2.2 Connection to Jean Zay

  • Connection to Jean Zay is done using SSH protocol (see here and here) for more information.
  • See here on how to access Jean Zay from a non registered machine by proxy jumping.
  • See here on how to configure a config file to make SSH connection easier.

3. Using Jupyter Lab/Notebook on Jean Zay

Info

Using Jupyter Lab/Notebook on Jean Zay requires to have access to a web browser on the registered machine. If not, you can display the Jupyter Lab/Notebook to your local machine by completing some additional steps.

3.1 When having access to a web browser on the registered machine

Follow the instructions on this page.

3.2 When having no access to a web browser on the registered machine

If you do not have access to a web browser on your registered machine, you can display the Jupyter Lab/Notebook to a local machine by completing some additional steps.

  1. In a terminal on your local machine, connect to Jean Zay by proxy jump using a machine which IP address has been registered on Jean Zay, then open a Jupyter Lab/Notebook session. An URL and a password will be displayed. Replace <your_login_proxy_machine>, <proxy_machine> and <your_login_jean_zay> by its meaning.

    ssh <your_login_proxy_machine>@<your_proxy_machine> # connect to your proxy machine
    ssh <your_login_jean_zay>@jean-zay.idris.fr # connect to Jean Zay
    module load pytorch-gpu/py3/1.8.1 # load an environment with Jupyter Lab/Notebook installed
    idrlab # open Jupyter Lab, idrjup for Jupyter Notebook
    

    Warning

    Before running the command idrlab to open a Jupyter Lab session (or idrjup for Jupyter Notebook), you must load an environment with Jupyter Lab/Notebook installed (see here).

  2. In a local machine that has access to a web browser, configure a SOCKS proxy

    Method 1: Manually

    Tip

    With the manual method, you will have to switch back the proxy parameters of your web browser to the default settings when you do not use Jean Zay Jupyter Lab/Notebook. To prevent this, you may choose a web browser that you never use.

    Warning

    We explain here with Firefox, but it is the same principle with Chrome.

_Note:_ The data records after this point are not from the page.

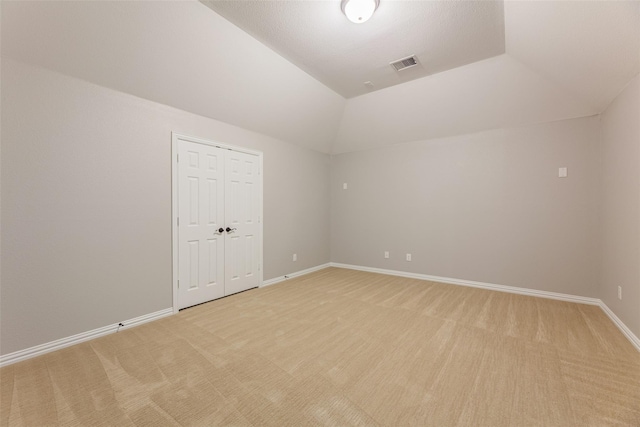 carpeted empty room featuring lofted ceiling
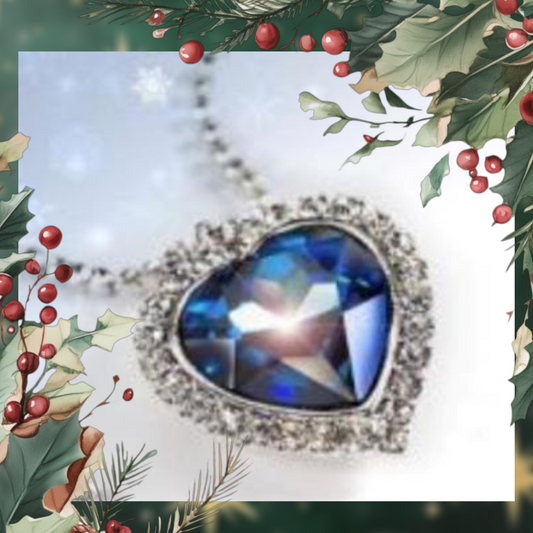 A large blue heart pendant shines under a light, festive green leaves and red berries frame the image.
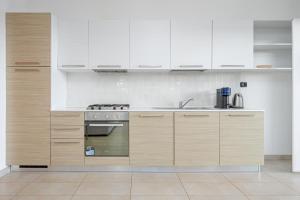 una cucina con mobili bianchi e una stufa di Villa Marconi Apartment 5 a Golfo Aranci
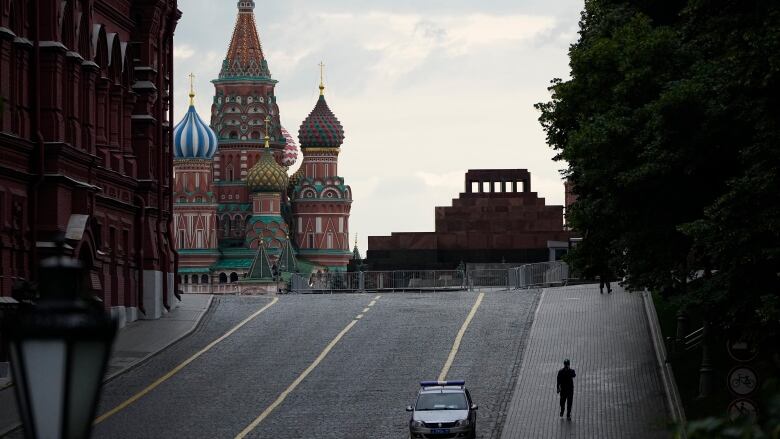 A man walks from an empty Red Square with the St. Basil's Cathedral and Lenin mausoleum in the background in Moscow, Russia, on Wednesday.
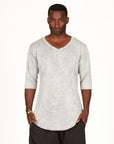A man modeling in a grey mineral sweater v neck shirt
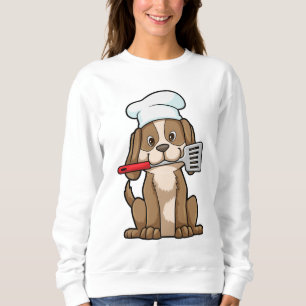 Sweatshirt Le chien cuisinier avec le casquette et la spatule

    Open Firefox (or another web browser) and configure the SOCKS proxy. Go to Preferences > General > Network Settings and click on Settings.... The Connection Settings window will appear. Select Manual proxy configuration and define:

    • SOCKS Host:127.0.0.1
    • Port: 9999

    proxy_config.png

    Warning

    You can use the port number you want between 1024 and 65535 (both included), as long as you keep the same number when creating a SOCKS proxy server. Here we used 9999.

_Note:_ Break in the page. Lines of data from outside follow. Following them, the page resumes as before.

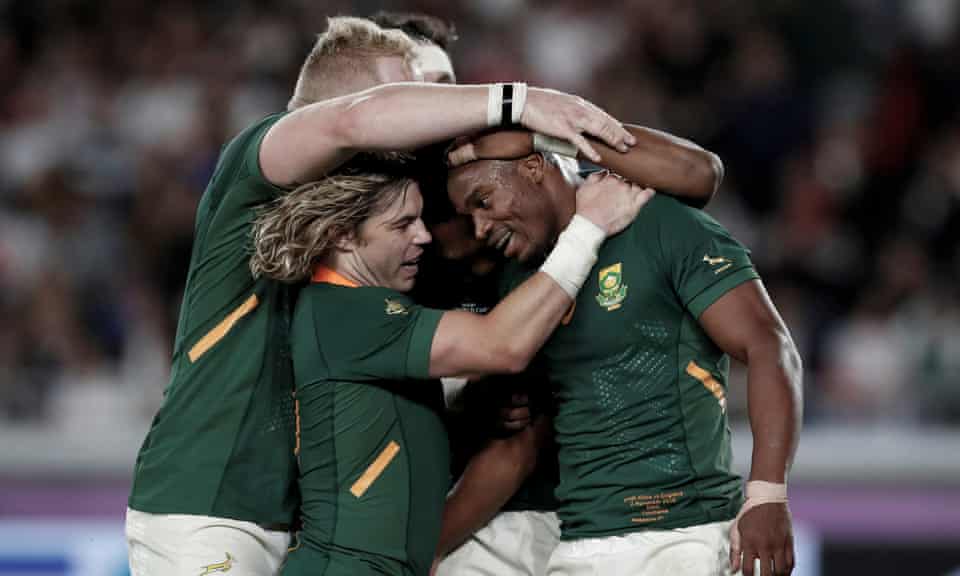 South Africa’s Makazole Mapimpi celebrates scoring the first try in the final with Faf de Klerk.
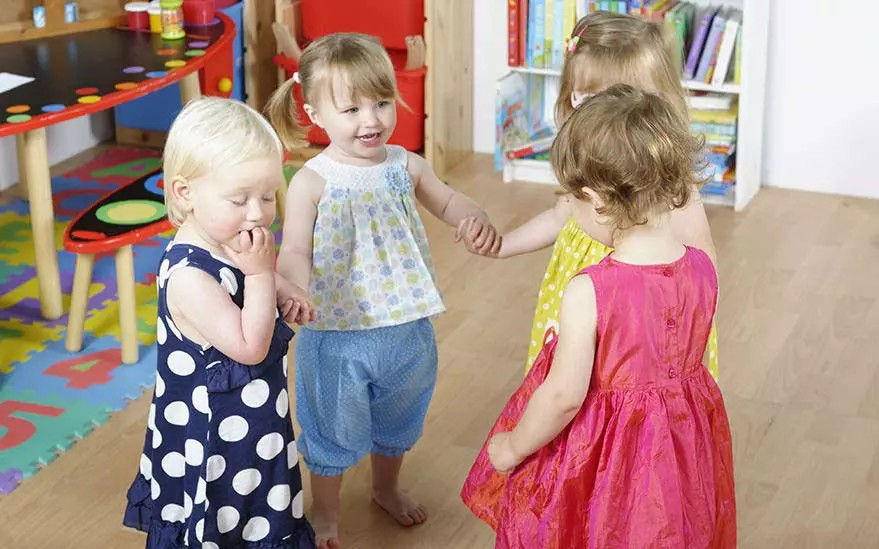 On voit un groupe de quatre enfants en bas �ge se tenant par la main et interagissant dans une salle de jeux interieure bien eclairee. Le decor comprend des meubles colores, un tapis de jeu et une bibliotheque remplie de livres. Les enfants sont vetus de tenues aux couleurs vives, notamment a pois et a motifs floraux, creant une atmosphere joyeuse et animee.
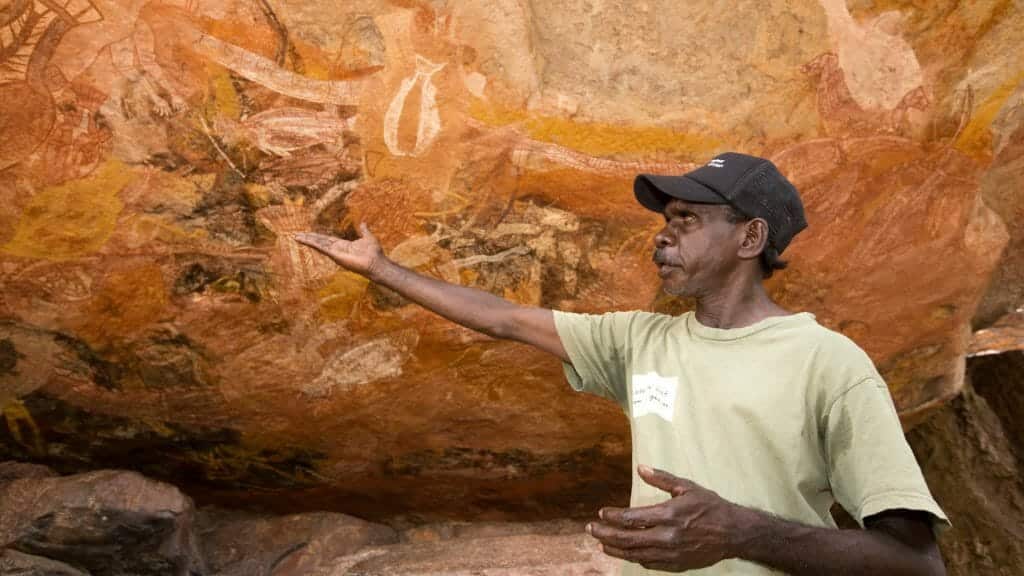 Aboriginal guide explaing rock art.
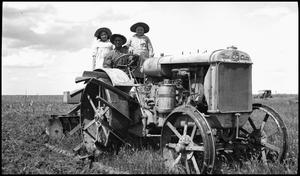 Primary view of object titled '[Man and two girls on a tractor]'.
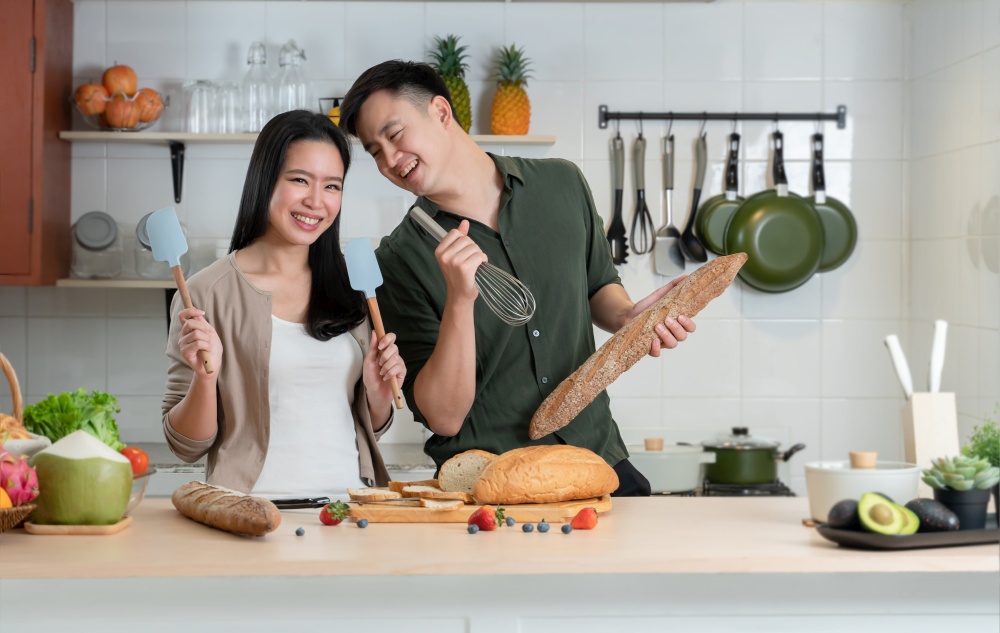 Young Asian couple having fun in kitchen, singing and dancing while cooking at home. Playful lover using spatulas and egg whisk as microphones and loaf stick of bread as guitar doing band together
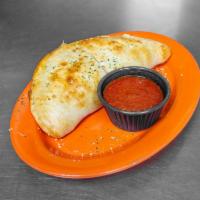 Calzone · Comes with ricotta cheese, mozzarella cheese and a side of marinara sauce.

    Method 2: Using FoxyProxy extension

    Follow the instructions here.

  3. In another terminal on your local machine, create a SOCKS proxy server with SSH.

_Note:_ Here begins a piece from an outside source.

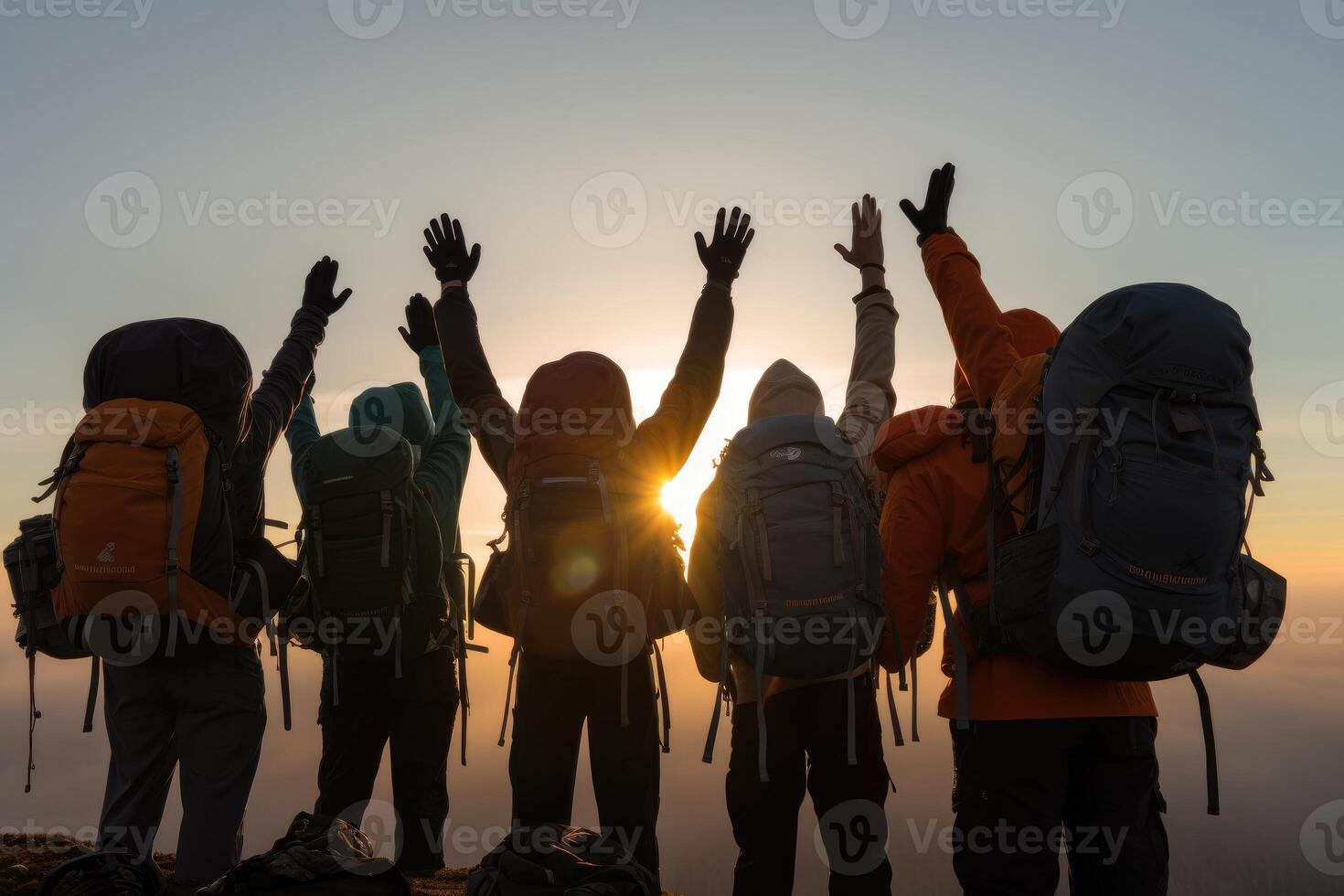A close - up of the hikers' backpacks and hands. photo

    ssh -ND 9999 <your_login>@<registered_machine>
    

    Warning

    Port number must be the same as the one configured in the web browser (manually or with FoxyProxy). You can use the port number you want between 1024 and 65535 (both included), as long as you keep the same number when configuring the web browser and creating the SOCKS proxy server. Here we used 9999.

    Warning

    <registered_machine> is a machine which IP address has been registered on your Jean Zay account. You can use the proxy machine you used to connect to Jean Zay and open the Jupyter Lab/Notebook session.

    Warning

    If the error Address already in use appear, change port number (between 1024 and 65535 (both included). Be careful to also change the port number in the proxy [configuration].

  4. On your local machine, on the web browser with the SOCKS proxy configured, copy/paste the Jupyter URL obtained in the first terminal. An identification page should be displayed. Then follow the rest of the procedure explained here to authentify yourself.

4. Execution of a GPU code

Job scheduling system is managed by Slurm (same as the one in HAL cluster).

4.1 Submitting a job

  • See this page to familiarize yourself with job manager and partitions on Jean Zay, and here for more information on Jean Zay partitions.
  • See this page for a single-GPU job.

4.2 Interactive job

See this page.

5. Dataset

Many voluminous public datasets (CIFAR-10, COCO...) are made available in a storage space at Jean Zay, for all users to use (see list).